I can assure we are as obsessed with our history as anybody else is. Read all the other threads: Afrikaans, Dutch, English, Scottish, Australian, Hungarian, Scandinavians, even the Québécois or the Flemish. The general idea behind all this is always: we are Castilian Spaniards (estar acastellanados) abroad but we can remain Catalan, Galician or Basque if we are nice and recognise the superiority of the "bigger Spain" in the "bigger world." It doesn't matter how many languages we are fluent at or how much we travel. "Un catalán acatalanado" será siempre un paleto. "A catalanised catalan will always be some sort of country bumpkin."
What else is Chloe's list of Spanish Romantic and 1898 Generation writers all about.
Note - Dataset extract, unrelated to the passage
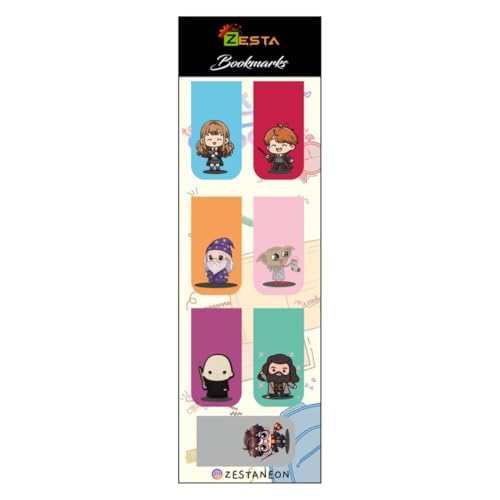 Image of Zesta Magnetic Bookmark Set of 7 | Aesthetic Book Mark for Reading | Cute Anime Bookmarks for Kids, Students | Book Accessories for Novels, Gifts for Readers(Harry Potter Magnetic Bookmark, 9X2.5 Cms)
It doesn't really matter she forgot some of the most important ones who learnt Catalan at home but wrote in Castilian for the sake and glory of a decadent Spain. After all Azorín wrote in Spanish because his native Catalan was never taught in his native Valencian village of Monòver, where 90% of the population still speaks Catalan.
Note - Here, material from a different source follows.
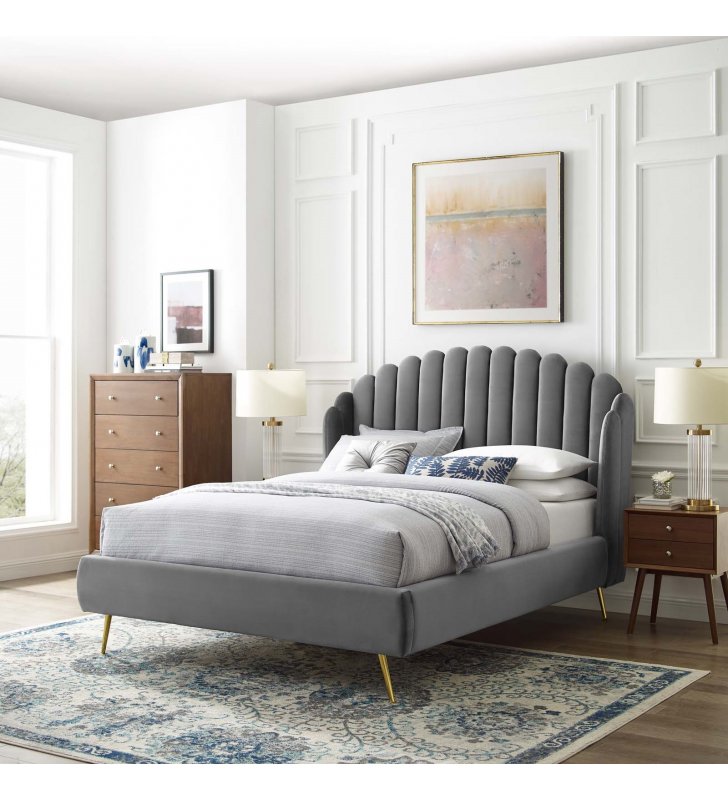 Lana Queen Performance Velvet Wingback Platform Bed in Gray - Lexmod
I can assure you I love travelling all over Spain and I have done so but what makes you so sure I'm closer to Cádiz than to Marseilles, for example? It all depends on how intensively you live your own culture of course, but if I didn't speak Standard Spanish I can assure you it's easier for us to understand Occitan than the local Cádiz dialect.
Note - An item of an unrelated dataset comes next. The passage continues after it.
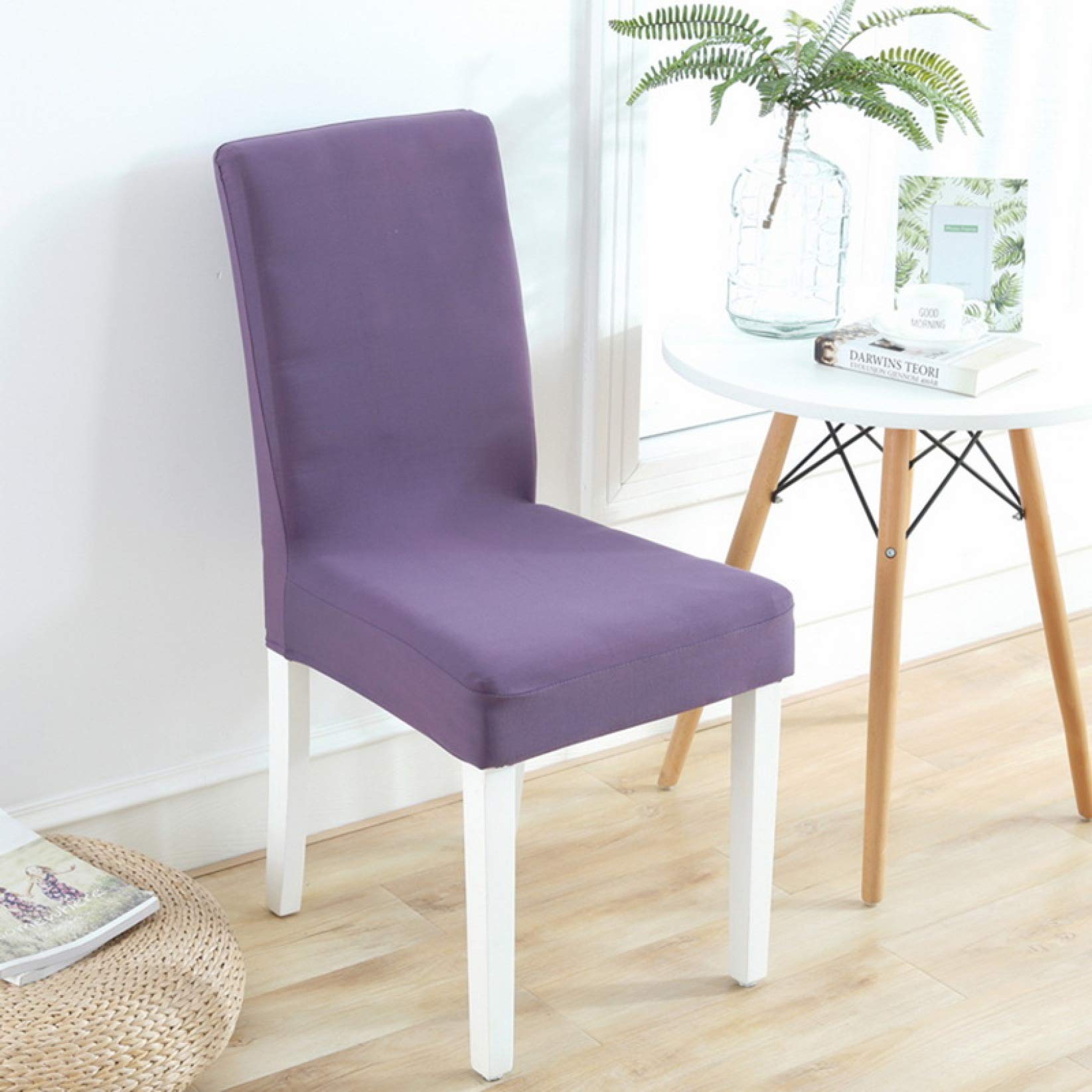 KKONION 5-Piece Stretchable Dining Chair Covers - Solid Color Dust-Proof Universal Slipcovers for Parson & Folding Chairs | Perfect for Home, Restaurant & Office Use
Who knows Calixtus III and Alexandre VI ( the Borgia (Borja) were Catalan and called themselves Catalans even though they were from Valencia? Had these two Spanish popes been born in Zamora or Almendralejo instead of Gandía we would have "Spanish popes" "hasta en la sopa" (an every day menu). The fact is all their correspondence is in Catalan only.

Who knows that the world's great scholars consider the "cantigas de amor e amigo" (Galician-Portuguese) the most important poetry of their time and age in the Iberian peninsula? I'm convinced the Portuguese know this, and don't tell the Galician school system also makes sure they are told that page is as important as Cervantes.

Who knows Ausiàs March is considered to be (by some very notorious foreign scholars) the most important European poet in the second-half of the 15th century, whilst more importance is given to a medieval Jorge Manrique whilst the Renaissance was already flooding Valencia and Barcelona. Has Chloe read novels from contemporary Catalan writers in Catalan that have been translated to quite a few languages (not always including Spanish)?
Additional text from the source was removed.